▸ Work item:
Instruction for the entries that follow: retype exactly the lines from the line with "Anton_Vanhee" to the line with "NY Seeks $1.37", both included, and omit all others.

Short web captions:
- Opening Delimiter -

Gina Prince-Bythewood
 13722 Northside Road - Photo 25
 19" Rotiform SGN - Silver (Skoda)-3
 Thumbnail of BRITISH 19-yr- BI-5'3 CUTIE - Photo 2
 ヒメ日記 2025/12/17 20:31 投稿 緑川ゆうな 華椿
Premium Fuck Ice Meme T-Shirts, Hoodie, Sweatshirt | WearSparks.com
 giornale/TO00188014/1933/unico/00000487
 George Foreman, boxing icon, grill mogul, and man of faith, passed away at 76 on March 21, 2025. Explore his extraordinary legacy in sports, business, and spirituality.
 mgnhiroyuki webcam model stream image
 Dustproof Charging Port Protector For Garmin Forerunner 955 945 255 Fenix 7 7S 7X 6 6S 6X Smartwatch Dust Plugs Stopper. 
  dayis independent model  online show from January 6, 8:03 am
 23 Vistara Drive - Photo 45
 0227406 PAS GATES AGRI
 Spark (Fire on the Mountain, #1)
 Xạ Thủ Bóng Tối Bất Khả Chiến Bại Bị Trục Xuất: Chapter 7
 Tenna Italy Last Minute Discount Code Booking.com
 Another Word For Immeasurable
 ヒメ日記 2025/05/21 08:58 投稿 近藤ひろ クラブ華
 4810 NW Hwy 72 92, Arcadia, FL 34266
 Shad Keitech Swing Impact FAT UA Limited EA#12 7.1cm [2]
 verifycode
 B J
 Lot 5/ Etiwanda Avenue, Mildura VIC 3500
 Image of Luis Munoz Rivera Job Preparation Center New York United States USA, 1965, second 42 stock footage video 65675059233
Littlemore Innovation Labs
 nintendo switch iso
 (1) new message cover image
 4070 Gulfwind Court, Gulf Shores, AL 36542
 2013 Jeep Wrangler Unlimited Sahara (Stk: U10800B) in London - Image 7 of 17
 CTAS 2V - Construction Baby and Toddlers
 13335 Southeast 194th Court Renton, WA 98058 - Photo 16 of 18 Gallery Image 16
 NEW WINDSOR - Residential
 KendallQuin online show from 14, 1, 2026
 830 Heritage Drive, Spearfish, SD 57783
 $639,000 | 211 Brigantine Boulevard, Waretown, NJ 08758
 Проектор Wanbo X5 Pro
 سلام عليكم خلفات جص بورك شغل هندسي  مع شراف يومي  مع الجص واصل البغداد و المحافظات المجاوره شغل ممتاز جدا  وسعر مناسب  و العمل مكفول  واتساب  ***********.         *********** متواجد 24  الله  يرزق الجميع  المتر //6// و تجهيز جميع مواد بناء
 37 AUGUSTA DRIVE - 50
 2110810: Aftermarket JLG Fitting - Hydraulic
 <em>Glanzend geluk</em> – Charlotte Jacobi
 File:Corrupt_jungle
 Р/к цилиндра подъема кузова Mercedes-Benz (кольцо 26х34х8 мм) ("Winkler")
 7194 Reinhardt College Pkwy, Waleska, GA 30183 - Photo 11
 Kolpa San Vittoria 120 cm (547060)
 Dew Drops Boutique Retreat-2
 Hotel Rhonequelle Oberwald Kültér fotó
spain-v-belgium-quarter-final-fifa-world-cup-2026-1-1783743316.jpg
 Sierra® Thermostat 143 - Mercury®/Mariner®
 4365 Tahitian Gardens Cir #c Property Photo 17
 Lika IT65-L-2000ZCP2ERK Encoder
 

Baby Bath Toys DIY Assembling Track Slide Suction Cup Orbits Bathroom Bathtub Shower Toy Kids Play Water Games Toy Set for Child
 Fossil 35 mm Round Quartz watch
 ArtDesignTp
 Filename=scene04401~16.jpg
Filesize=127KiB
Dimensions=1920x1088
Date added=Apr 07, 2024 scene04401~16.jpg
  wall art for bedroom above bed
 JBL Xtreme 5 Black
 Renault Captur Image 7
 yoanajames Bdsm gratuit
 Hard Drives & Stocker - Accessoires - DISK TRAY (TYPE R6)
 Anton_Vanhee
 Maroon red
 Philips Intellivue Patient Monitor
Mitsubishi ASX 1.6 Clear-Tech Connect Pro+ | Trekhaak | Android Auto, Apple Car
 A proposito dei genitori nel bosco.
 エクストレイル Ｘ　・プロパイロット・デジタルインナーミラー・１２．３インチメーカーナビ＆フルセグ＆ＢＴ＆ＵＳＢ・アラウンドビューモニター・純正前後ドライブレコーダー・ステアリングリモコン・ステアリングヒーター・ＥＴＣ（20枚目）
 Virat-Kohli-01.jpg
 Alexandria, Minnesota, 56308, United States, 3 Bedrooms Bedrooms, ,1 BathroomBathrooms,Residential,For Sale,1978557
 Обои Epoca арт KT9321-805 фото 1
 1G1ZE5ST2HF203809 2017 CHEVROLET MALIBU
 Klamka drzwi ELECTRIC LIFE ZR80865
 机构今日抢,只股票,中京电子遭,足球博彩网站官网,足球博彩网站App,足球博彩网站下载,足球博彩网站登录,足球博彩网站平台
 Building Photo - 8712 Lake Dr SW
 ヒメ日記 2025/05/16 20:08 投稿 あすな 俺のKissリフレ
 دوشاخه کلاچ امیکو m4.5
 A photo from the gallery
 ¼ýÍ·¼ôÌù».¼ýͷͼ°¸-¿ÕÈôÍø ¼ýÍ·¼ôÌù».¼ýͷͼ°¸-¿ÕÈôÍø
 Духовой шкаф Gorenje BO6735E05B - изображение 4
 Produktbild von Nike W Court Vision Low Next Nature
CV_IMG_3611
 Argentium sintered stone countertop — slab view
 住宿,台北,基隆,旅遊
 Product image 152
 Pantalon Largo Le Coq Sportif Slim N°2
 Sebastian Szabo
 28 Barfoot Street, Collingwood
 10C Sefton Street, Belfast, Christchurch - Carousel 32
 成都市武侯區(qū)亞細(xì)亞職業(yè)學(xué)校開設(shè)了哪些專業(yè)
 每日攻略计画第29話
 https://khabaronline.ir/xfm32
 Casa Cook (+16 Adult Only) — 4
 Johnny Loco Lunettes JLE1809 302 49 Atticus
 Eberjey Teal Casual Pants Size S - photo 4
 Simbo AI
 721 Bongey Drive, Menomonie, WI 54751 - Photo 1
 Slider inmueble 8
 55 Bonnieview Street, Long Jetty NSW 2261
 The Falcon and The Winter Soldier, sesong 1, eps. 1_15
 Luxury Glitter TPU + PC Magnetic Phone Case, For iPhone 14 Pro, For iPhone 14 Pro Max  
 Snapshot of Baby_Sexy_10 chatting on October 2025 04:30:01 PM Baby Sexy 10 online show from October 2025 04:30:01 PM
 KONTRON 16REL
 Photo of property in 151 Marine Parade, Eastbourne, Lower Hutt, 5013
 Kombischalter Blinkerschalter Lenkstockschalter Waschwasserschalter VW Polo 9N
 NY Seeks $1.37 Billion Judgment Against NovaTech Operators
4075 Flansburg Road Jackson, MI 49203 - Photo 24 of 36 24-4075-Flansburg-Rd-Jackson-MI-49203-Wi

- Closing Delimiter -

▸ Answer section:
 Anton_Vanhee
 Maroon red
 Philips Intellivue Patient Monitor
Mitsubishi ASX 1.6 Clear-Tech Connect Pro+ | Trekhaak | Android Auto, Apple Car
 A proposito dei genitori nel bosco.
 エクストレイル Ｘ　・プロパイロット・デジタルインナーミラー・１２．３インチメーカーナビ＆フルセグ＆ＢＴ＆ＵＳＢ・アラウンドビューモニター・純正前後ドライブレコーダー・ステアリングリモコン・ステアリングヒーター・ＥＴＣ（20枚目）
 Virat-Kohli-01.jpg
 Alexandria, Minnesota, 56308, United States, 3 Bedrooms Bedrooms, ,1 BathroomBathrooms,Residential,For Sale,1978557
 Обои Epoca арт KT9321-805 фото 1
 1G1ZE5ST2HF203809 2017 CHEVROLET MALIBU
 Klamka drzwi ELECTRIC LIFE ZR80865
 机构今日抢,只股票,中京电子遭,足球博彩网站官网,足球博彩网站App,足球博彩网站下载,足球博彩网站登录,足球博彩网站平台
 Building Photo - 8712 Lake Dr SW
 ヒメ日記 2025/05/16 20:08 投稿 あすな 俺のKissリフレ
 دوشاخه کلاچ امیکو m4.5
 A photo from the gallery
 ¼ýÍ·¼ôÌù».¼ýͷͼ°¸-¿ÕÈôÍø ¼ýÍ·¼ôÌù».¼ýͷͼ°¸-¿ÕÈôÍø
 Духовой шкаф Gorenje BO6735E05B - изображение 4
 Produktbild von Nike W Court Vision Low Next Nature
CV_IMG_3611
 Argentium sintered stone countertop — slab view
 住宿,台北,基隆,旅遊
 Product image 152
 Pantalon Largo Le Coq Sportif Slim N°2
 Sebastian Szabo
 28 Barfoot Street, Collingwood
 10C Sefton Street, Belfast, Christchurch - Carousel 32
 成都市武侯區(qū)亞細(xì)亞職業(yè)學(xué)校開設(shè)了哪些專業(yè)
 每日攻略计画第29話
 https://khabaronline.ir/xfm32
 Casa Cook (+16 Adult Only) — 4
 Johnny Loco Lunettes JLE1809 302 49 Atticus
 Eberjey Teal Casual Pants Size S - photo 4
 Simbo AI
 721 Bongey Drive, Menomonie, WI 54751 - Photo 1
 Slider inmueble 8
 55 Bonnieview Street, Long Jetty NSW 2261
 The Falcon and The Winter Soldier, sesong 1, eps. 1_15
 Luxury Glitter TPU + PC Magnetic Phone Case, For iPhone 14 Pro, For iPhone 14 Pro Max  
 Snapshot of Baby_Sexy_10 chatting on October 2025 04:30:01 PM Baby Sexy 10 online show from October 2025 04:30:01 PM
 KONTRON 16REL
 Photo of property in 151 Marine Parade, Eastbourne, Lower Hutt, 5013
 Kombischalter Blinkerschalter Lenkstockschalter Waschwasserschalter VW Polo 9N
 NY Seeks $1.37 Billion Judgment Against NovaTech Operators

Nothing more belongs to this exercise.